BEGIN

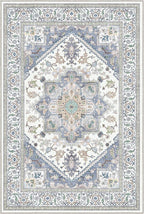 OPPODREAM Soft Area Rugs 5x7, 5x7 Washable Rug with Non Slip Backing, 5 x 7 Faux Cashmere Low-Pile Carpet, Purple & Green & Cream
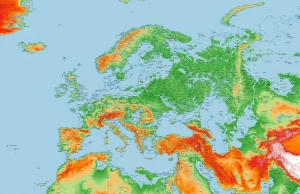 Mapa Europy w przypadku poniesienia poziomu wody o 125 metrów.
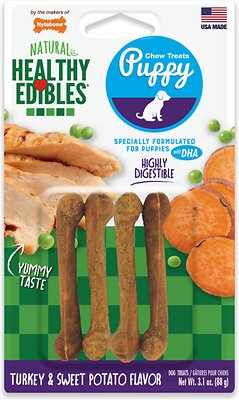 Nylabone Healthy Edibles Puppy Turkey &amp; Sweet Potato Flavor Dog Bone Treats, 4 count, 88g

END
BEGIN

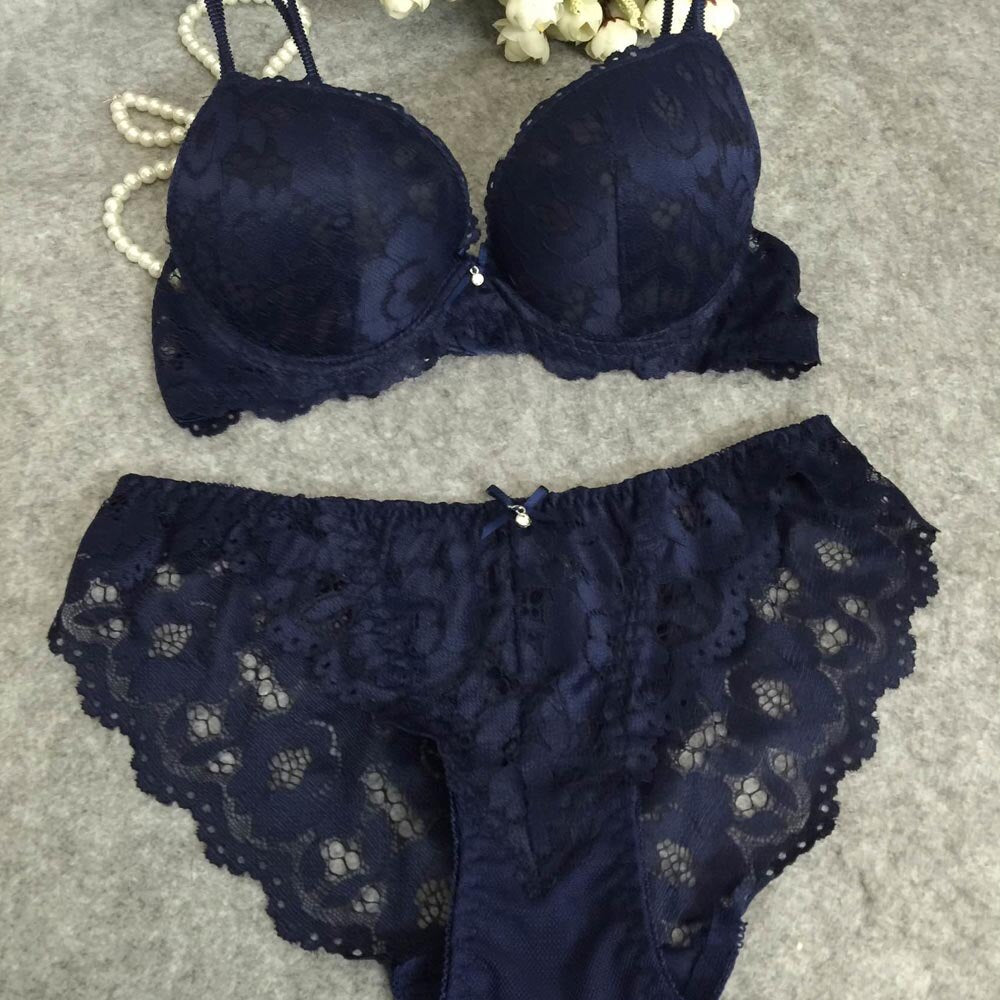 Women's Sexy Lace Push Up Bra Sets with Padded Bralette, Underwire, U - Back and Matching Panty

END

◆ **Exercise requirements**
Beginning at the line above that contains "Mapa Europy w", repeat each line exactly through the one that contains "Nylabone Healthy Edibles", and leave out the pictures.

◆ **Reply to the task**
 Mapa Europy w przypadku poniesienia poziomu wody o 125 metrów.
 Nylabone Healthy Edibles Puppy Turkey &amp; Sweet Potato Flavor Dog Bone Treats, 4 count, 88g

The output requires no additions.